You can think of the pseudo-translation as a kind of “glimpse into the future”, giving you a preview of how your documents, websites or software applications will look once they’ve been translated. Potential layout or display problems are identified before the translation itself begins with the help of a computer-based algorithm which replaces the source text with other characters. Although at first glance the pseudo-translation won’t make much sense, in fact it reveals two key elements of the subsequent translated text:
- Character sets that frequently come up in the desired target language can be generated.
- Target language characteristics can be simulated to visualize longer or shorter texts in the available space.
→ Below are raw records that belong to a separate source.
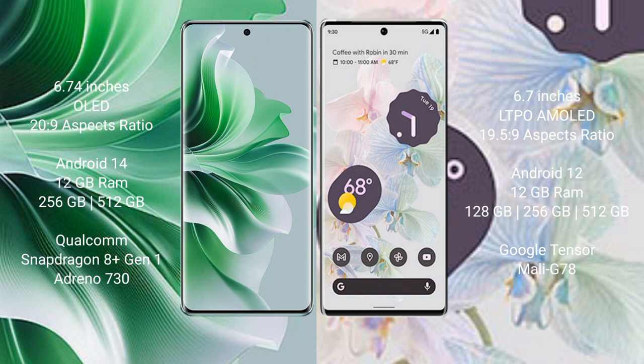OPPO Reno 11 Pro runs on Android 14 operating system. Google Pixel 6 Pro runs on Android 12 operating system.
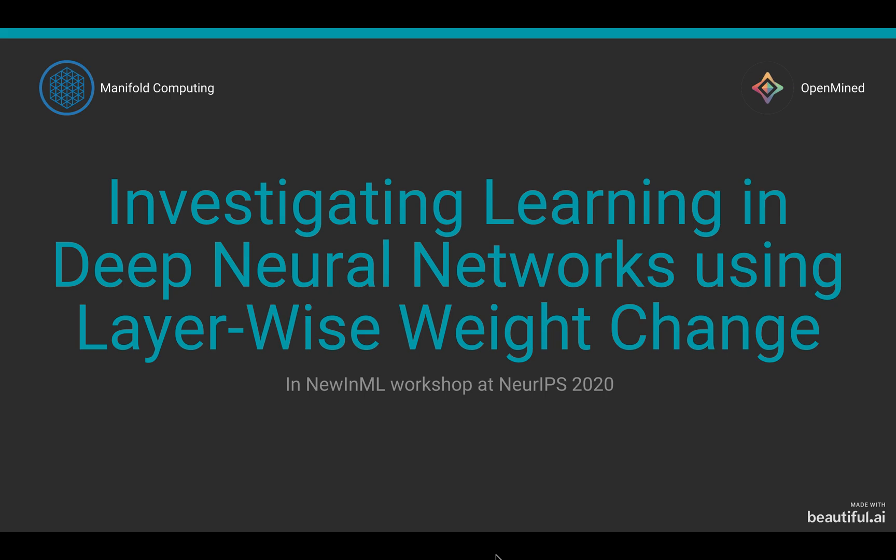Hello everyone, my name is Ayush Manish Akarwal and today I'll be discussing investigating learning in deep neural networks using layer-wise weight change.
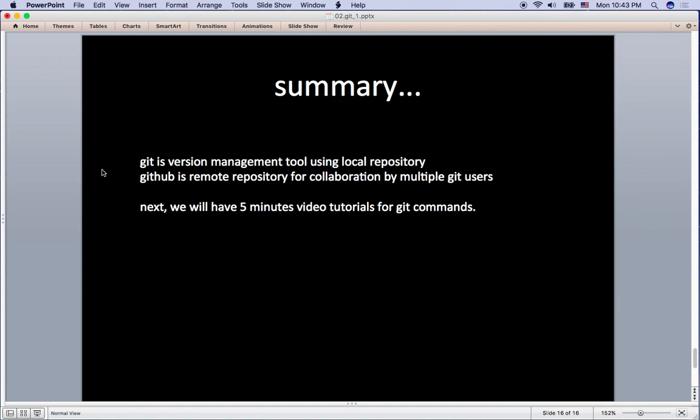So here is the summary. Git is a version management tool using local repository. GitHub is a remote repository for collaboration by multiple Git users. Next, we will have a five minute practice video tutorial for Git commands. Thanks and see you on the next video.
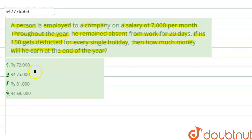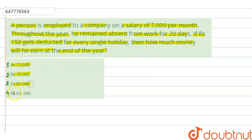So, here we are saying that an employee earns Rs. 7,000 per month. In the whole year, he is absent for 20 days, and he is asking how much money will he earn at the end of the year. We have got options: Rs. 72,000, Rs. 75,000, Rs. 81,000 and Rs. 69,000.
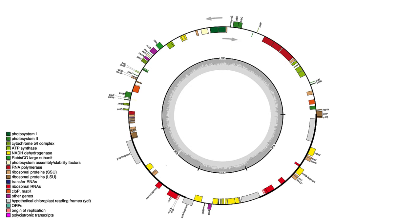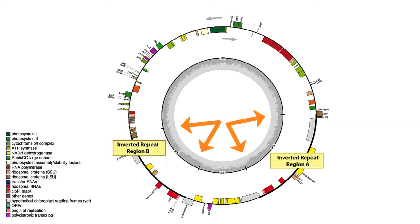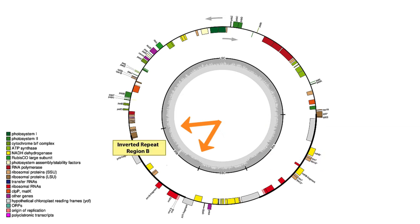There are two repeat regions, one is a mirror image of the other. They are the inverted repeat regions, IRA and IRB.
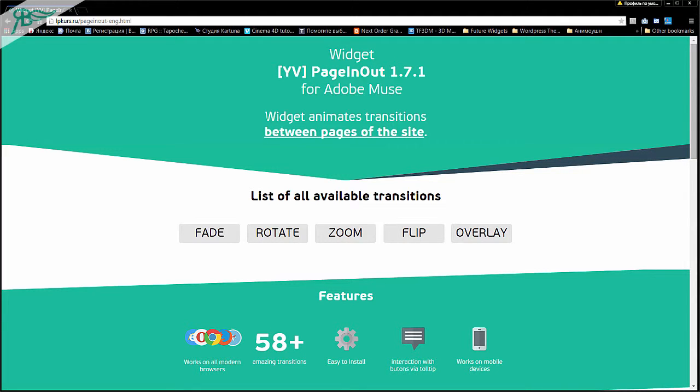Hello, everybody! My name is Vadim Yakupov, and in this tutorial I will show you something about my new widget PageInOut, version 1.7.1 for Adobe Muse.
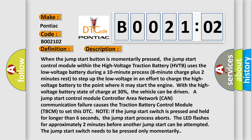When the jump start button is momentarily pressed, the jump start control module within the high voltage traction battery (HVTB) uses the low voltage battery during a 10-minute process (8-minute charge plus 2 minutes rest) to step up the low voltage in an effort to charge the high voltage battery to the point where it may start the engine.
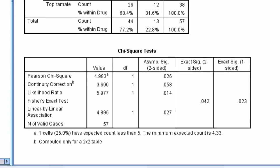The following table shows the test statistics. In the top row is the Pearson chi-square, which equals 4.98 with a p-value of 0.026.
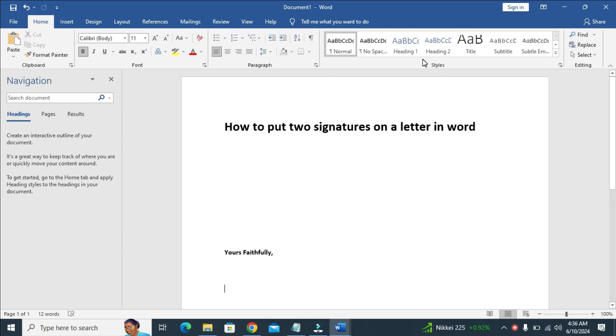Good day everyone. In this video today, I will show you how to put a true signature on a letter in Word.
Identify and resolve layout problems
So far so good – but how does this information help? As lots of clients have found, a translated text can either be significantly longer or shorter than the source text. Different languages phrase things differently, so the number of words and characters required to convey the same idea varies: a French translation of an English text can be up to 30% longer than the original, while a Korean translation of the same text will usually have 10-15% fewer characters. If the translations are going to be published in the same format as the source text, this means in one language there might be far too much text to fit in the available space, and in another the page might look too big for the text it contains. That’s where pseudo-translation comes in. It helps identify where text is likely to be longer or shorter, giving you and the agency the chance to resolve layout problems in the source text before the translators begin working on it. Common ways to resolve these problems include adapting the source document by reducing the amount of text or increasing the size of text boxes, and ultimately the result will be a translated document that looks as good as the original.
Filling in the gaps
Pseudo-translation can also help identify problems with the coding used in websites and software applications. If the coding isn’t configured correctly, multibyte characters in Asian languages or certain diacritics (accents like the French ç) might be displayed incorrectly or not displayed at all. These errors or gaps in the translated text are annoying, so pseudo-translation is often used to make developers aware of potential problems before the translators begin working on their texts. The developers can then adjust the backend programming and the CMS to include new alphabets and characters that will allow these texts to be translated correctly.
Essentially, pseudo-translation is a quick and simple way to ensure that all the content of a website or software application that needs to be translated has been imported into the translation tool.
So pseudo-translation can be a very useful option in various situations: after all, identifying and resolving problems before they occur is better than having to fix them at short notice. Ultimately, this “glimpse into the future” is a key tool that helps you and your translation agency convey your message as effectively as possible.